No, there's not.
Number of pages isn't an issue. One page which is a good Scientific-American (pre-sellout) article by a reputable expert would be happily listed. Yet another 50,000-page pseudonymous Vstore/SMC/whatever catalog would be cursed, together with the webmaster and all his legitimate descendents (if any) and ancestors (insofar as known) to the tenth generation.
I have never heard of any ODP editor even KNOWING the Alexa rating of a reviewed site. There may be something on earth more irrelevant.
As for asseverations that a site "follows the guidelines", you MUST permit the editor to be the judge of that. We've been lied to, too many times (in fact, almost every time, at least on that subject.)
There is nothing, ever, you can do to get a site listed. That's what the submittal policy says: no sites are guaranteed a listing regardless of what you do.
But sites are listed (millions of them!) How did it happen? There are these hurdles:
(1) An editor must be working on the relevant topic. (This is not something you have any control over. We're amateurs and volunteers.)
(2) An editor must find the site at that time. (That's what "suggest a site" is for, and you've done that.

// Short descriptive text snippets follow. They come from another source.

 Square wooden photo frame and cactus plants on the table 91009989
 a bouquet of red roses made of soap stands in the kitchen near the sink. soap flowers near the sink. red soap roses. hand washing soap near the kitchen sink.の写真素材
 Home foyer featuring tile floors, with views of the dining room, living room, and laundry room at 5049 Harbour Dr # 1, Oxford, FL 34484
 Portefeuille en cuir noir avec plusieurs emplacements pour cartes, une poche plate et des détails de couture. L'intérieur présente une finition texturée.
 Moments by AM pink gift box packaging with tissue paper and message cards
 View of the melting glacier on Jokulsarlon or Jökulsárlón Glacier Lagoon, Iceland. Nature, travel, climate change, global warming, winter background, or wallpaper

(3) The site must not have been viciously, maliciously, or deceptively promoted. (This rule is to protect the editors from spam and other habitual practices of the habitual spammer -- bribery, threats, harassment, etc.) Avoiding this is pretty simple -- assume the editors are people, treat them like you dream about the way a used-car salesman would treat you, and you won't run afoul of this rule. In other words, don't ever ever EVER do anything that might look like "trying to get listed" to a blind man a mile away, at midnight during a solar eclipse. And you'll have no trouble here.)
(4) The editor has to pick a site, from all the possibilities, to review first. (Here a good description will help. "Good" in this context doesn't mean grabbing the editor by the lapels and shouting "review me next!" into his left nostril. It means "objectively descriptive, brief, relevant, showing signs of having been written by someone with a clue." Sites that don't pass this test will tend to languish until their more professionally-presented competition are taken care of, but will -- we think -- eventually get reviewed.
(5) In the review, the site must obviously have significant unique informational content. (Obviously this is altogether under your control.)
This is why neither you nor we can predict when a site will be reviewed. It depends on who's editing where, and how they look for what.